The median age in the city was 52 years. 13% of residents were under the age of 18; 4.4% were between the ages of 18 and 24; 21.8% were from 25 to 44; 35.9% were from 45 to 64; and 25% were 65 years of age or older. The gender makeup of the city was 50.0% male and 50.0% female.

===2000 census===
As of the census of 2000, there were 102 people, 46 households, and 32 families living in the city. The population density was 137.3 PD/sqmi. There were 60 housing units at an average density of 80.8 /sqmi. The racial makeup of the city was 97.06% White, 0.98% African American, 0.98% Native American, and 0.98% from two or more races.

There were 46 households, out of which 21.7% had children under the age of 18 living with them, 63.0% were married couples living together, 4.3% had a female householder with no husband present, and 30.4% were non-families. 30.4% of all households were made up of individuals, and 17.4% had someone living alone who was 65 years of age or older. The average household size was 2.22 and the average family size was 2.69.
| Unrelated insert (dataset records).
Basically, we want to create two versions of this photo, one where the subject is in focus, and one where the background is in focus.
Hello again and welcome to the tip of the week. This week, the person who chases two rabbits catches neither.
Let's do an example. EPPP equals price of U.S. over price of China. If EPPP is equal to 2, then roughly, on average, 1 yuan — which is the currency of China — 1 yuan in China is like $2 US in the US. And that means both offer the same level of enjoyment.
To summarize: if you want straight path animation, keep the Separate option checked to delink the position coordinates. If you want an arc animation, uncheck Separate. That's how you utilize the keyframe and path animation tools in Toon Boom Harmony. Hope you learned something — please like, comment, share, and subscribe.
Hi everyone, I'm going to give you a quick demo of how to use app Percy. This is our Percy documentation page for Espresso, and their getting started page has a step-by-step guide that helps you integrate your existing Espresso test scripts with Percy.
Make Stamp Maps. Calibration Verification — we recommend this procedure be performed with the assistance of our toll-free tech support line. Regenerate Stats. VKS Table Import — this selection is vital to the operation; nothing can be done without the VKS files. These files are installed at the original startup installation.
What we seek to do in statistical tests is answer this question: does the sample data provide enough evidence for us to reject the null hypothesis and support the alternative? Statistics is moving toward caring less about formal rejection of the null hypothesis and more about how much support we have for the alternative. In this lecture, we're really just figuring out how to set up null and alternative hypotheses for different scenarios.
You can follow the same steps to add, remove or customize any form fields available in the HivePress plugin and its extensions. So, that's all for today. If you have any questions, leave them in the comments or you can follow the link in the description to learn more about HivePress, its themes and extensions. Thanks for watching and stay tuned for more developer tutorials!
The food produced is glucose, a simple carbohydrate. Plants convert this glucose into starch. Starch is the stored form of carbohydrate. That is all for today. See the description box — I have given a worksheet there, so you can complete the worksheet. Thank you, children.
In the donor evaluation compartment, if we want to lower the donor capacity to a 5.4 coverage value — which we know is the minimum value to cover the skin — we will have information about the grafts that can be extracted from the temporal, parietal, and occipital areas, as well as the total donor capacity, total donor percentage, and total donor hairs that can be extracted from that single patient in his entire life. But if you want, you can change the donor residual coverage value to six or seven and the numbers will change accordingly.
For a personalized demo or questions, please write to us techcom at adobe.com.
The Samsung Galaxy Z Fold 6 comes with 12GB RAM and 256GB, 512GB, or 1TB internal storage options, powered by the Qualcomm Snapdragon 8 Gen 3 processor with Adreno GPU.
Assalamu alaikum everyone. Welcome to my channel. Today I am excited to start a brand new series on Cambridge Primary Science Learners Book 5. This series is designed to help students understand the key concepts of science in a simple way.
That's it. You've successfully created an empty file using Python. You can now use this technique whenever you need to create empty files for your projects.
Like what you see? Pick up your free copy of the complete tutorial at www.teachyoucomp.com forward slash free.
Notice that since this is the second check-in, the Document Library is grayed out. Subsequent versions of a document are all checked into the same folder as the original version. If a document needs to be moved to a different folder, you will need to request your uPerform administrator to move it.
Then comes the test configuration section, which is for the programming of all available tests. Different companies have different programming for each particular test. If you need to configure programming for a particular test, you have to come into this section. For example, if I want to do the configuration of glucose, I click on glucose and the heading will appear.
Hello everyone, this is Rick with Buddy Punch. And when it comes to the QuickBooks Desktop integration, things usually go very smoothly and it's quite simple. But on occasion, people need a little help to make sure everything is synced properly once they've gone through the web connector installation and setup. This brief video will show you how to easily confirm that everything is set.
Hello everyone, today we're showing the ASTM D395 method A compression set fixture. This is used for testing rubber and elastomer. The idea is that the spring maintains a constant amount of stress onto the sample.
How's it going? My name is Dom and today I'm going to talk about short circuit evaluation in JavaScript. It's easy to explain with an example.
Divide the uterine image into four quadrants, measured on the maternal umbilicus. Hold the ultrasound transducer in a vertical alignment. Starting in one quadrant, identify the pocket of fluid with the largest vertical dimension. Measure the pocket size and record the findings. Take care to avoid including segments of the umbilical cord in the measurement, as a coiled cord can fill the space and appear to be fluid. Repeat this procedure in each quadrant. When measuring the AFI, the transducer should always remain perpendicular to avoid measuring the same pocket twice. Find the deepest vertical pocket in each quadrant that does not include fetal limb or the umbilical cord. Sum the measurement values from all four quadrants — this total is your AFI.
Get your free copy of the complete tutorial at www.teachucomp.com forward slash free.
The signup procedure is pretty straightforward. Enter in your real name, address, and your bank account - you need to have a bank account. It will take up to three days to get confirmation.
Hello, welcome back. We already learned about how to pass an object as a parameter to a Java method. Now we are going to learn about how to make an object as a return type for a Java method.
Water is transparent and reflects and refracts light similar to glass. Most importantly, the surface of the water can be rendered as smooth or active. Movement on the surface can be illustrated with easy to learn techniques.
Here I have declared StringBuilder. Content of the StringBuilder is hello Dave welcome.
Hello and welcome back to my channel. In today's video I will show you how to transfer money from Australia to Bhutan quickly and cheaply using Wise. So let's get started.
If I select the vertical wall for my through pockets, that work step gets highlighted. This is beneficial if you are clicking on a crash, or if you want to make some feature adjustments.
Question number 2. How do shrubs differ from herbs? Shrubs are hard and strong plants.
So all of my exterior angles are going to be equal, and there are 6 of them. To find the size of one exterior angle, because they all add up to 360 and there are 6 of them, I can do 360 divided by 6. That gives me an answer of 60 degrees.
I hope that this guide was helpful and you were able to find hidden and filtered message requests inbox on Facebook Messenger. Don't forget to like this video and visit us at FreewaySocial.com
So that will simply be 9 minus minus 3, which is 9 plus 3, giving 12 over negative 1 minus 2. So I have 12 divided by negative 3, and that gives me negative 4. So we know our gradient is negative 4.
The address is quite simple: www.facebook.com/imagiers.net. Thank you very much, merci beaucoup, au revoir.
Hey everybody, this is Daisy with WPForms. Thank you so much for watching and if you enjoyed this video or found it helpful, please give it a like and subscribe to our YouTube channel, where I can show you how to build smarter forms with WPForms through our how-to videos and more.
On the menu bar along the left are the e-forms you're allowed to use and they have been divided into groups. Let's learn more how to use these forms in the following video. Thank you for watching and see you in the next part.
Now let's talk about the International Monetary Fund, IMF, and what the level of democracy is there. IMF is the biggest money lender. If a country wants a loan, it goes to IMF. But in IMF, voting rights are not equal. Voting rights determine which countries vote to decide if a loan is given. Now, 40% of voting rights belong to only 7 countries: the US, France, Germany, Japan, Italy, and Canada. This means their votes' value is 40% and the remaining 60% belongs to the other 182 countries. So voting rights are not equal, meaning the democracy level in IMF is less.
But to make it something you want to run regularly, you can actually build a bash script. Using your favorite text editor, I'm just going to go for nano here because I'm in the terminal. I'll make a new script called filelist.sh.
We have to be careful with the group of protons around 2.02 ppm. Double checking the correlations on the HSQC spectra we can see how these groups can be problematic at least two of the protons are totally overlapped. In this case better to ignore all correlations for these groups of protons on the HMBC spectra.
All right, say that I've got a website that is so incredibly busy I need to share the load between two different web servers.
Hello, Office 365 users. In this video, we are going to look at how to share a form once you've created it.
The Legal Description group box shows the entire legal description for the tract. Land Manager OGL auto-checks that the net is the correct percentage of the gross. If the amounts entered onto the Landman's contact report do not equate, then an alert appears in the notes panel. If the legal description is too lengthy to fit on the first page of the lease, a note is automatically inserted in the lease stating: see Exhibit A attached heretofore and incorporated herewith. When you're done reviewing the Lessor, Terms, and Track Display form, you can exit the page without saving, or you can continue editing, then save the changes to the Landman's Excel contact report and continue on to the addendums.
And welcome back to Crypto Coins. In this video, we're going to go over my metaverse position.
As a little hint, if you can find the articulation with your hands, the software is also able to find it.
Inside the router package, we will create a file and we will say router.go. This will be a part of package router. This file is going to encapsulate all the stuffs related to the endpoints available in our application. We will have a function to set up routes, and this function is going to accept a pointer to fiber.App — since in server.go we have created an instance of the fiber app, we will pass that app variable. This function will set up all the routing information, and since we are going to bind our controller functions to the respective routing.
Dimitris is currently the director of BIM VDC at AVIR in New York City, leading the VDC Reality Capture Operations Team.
In the city, the population was spread out, with 17.6% under the age of 18, 5.9% from 18 to 24, 26.5% from 25 to 44, 29.4% from 45 to 64, and 20.6% who were 65 years of age or older. The median age was 44 years. For every 100 females, there were 108.2 males. For every 100 females age 18 and over, there were 100.0 males.

The median income for a household in the city was $21,806, and the median income for a family was $42,917. Males had a median income of $20,625 versus $36,250 for females. The per capita income for the city was $16,461. There were no families and 10.8% of the population living below the poverty line, including no under eighteens and none of those over 64.

==Education==
The Griswold Community School District operates area public schools.